## TASK DESCRIPTION:
Working from the records below, return word for word the line that contains "PRINTFASHION Manga szemek" and each line after it, ending with the last. Skip all pictures.

## TASK INPUT:
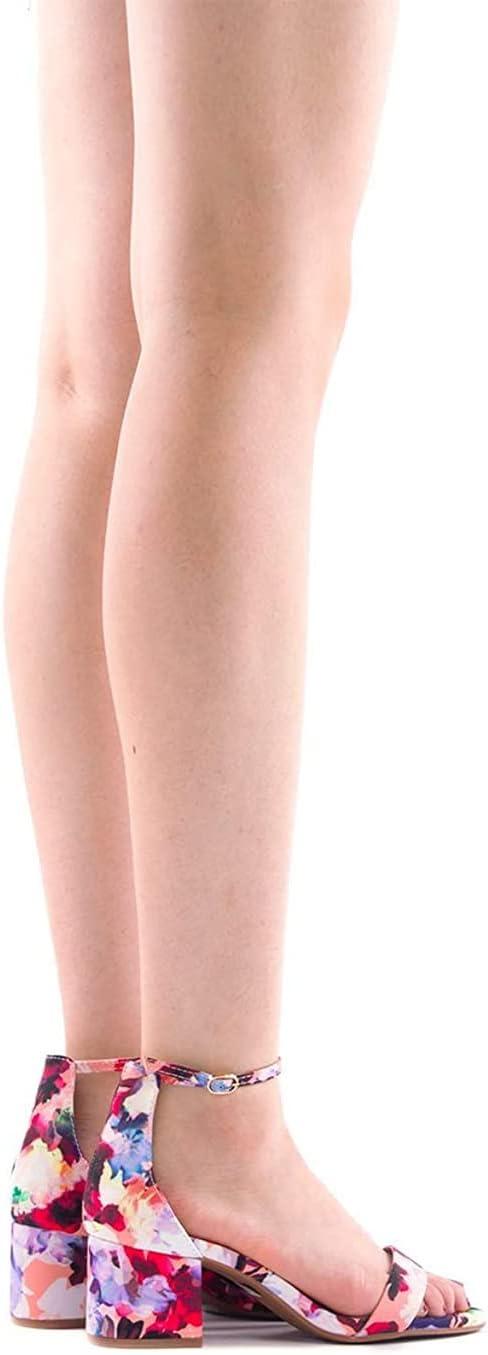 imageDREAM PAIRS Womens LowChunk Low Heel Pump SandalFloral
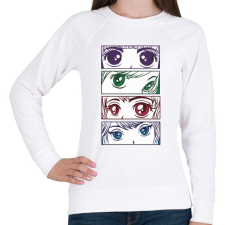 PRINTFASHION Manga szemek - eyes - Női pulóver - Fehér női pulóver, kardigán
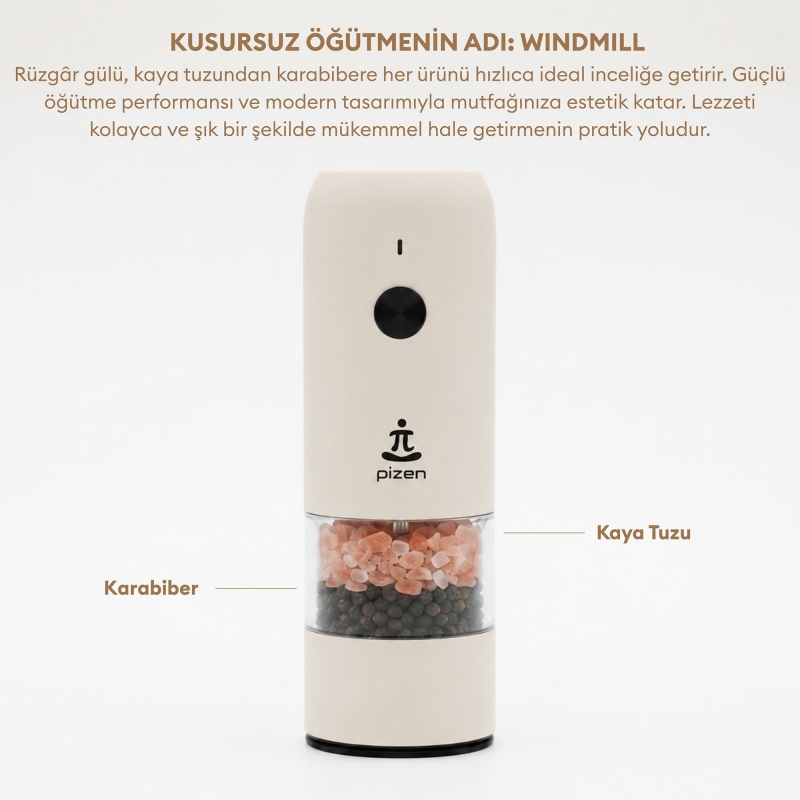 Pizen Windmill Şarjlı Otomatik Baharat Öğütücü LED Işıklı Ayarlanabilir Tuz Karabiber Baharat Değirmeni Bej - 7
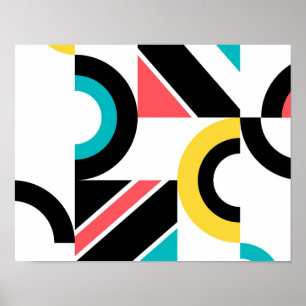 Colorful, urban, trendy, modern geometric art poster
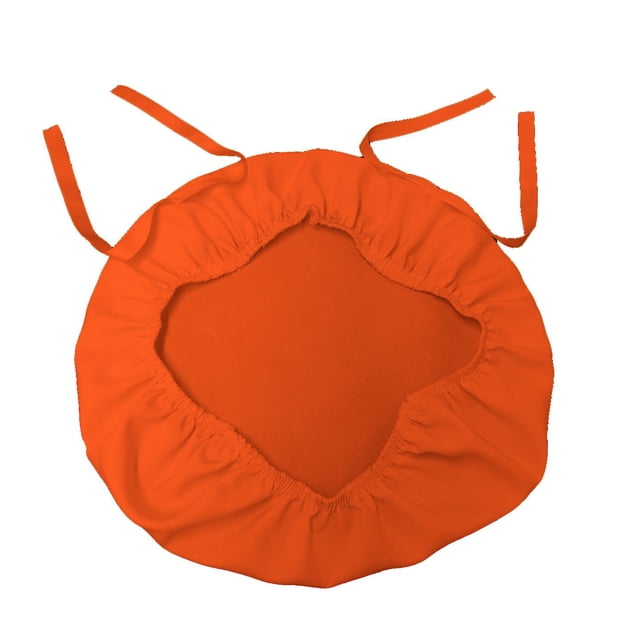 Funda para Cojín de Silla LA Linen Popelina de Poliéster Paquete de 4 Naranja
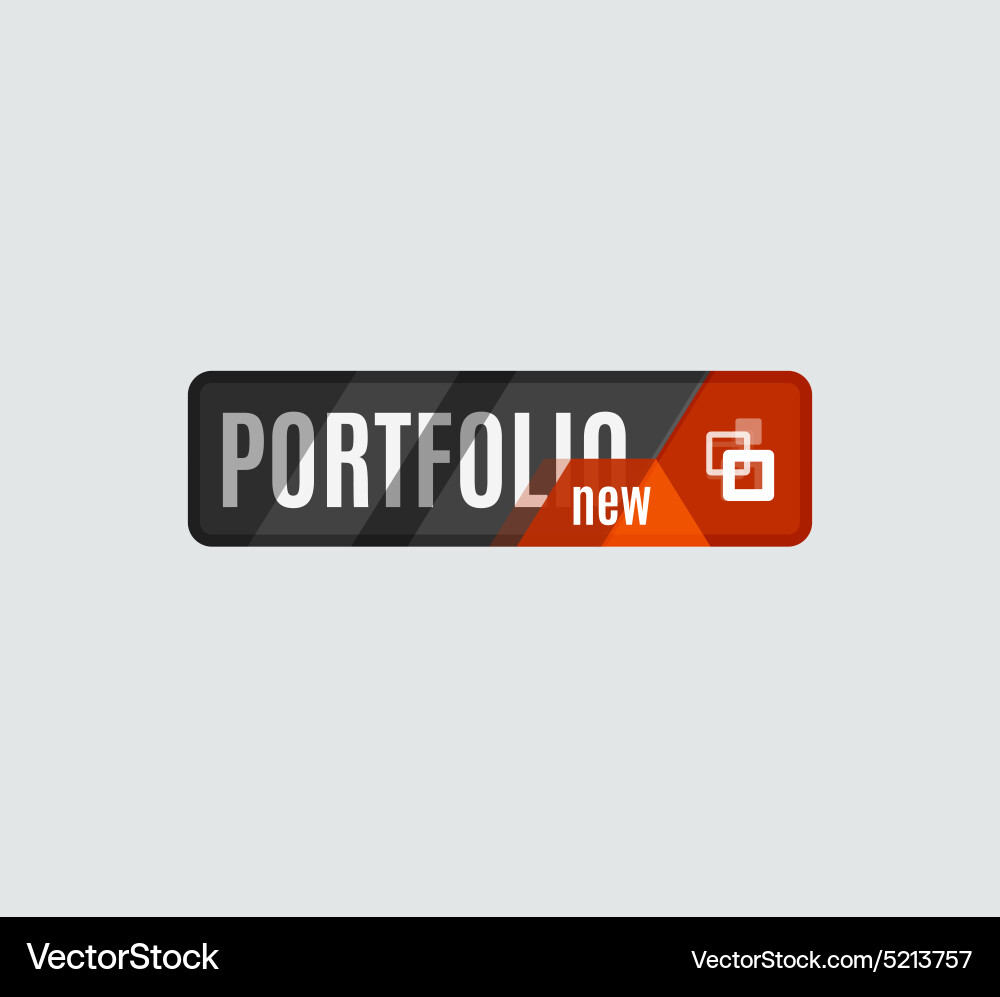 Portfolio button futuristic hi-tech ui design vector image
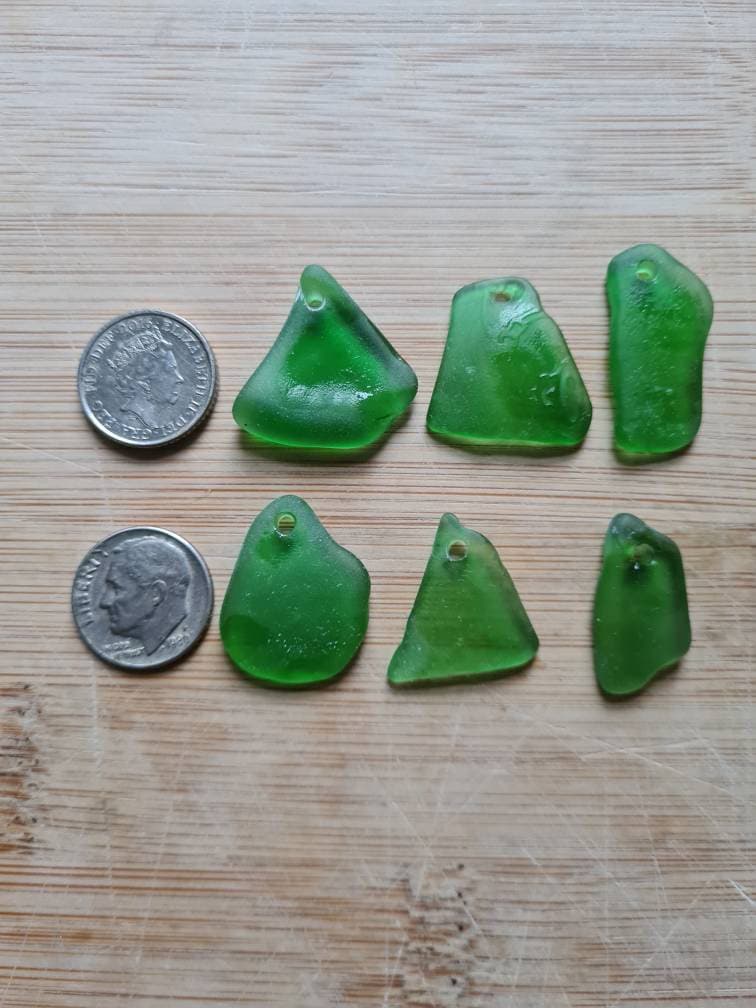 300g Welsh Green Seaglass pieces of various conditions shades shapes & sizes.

## RESULT FOR THIS EXERCISE:
 PRINTFASHION Manga szemek - eyes - Női pulóver - Fehér női pulóver, kardigán
 Pizen Windmill Şarjlı Otomatik Baharat Öğütücü LED Işıklı Ayarlanabilir Tuz Karabiber Baharat Değirmeni Bej - 7
 Colorful, urban, trendy, modern geometric art poster
 Funda para Cojín de Silla LA Linen Popelina de Poliéster Paquete de 4 Naranja
 Portfolio button futuristic hi-tech ui design vector image
 300g Welsh Green Seaglass pieces of various conditions shades shapes & sizes.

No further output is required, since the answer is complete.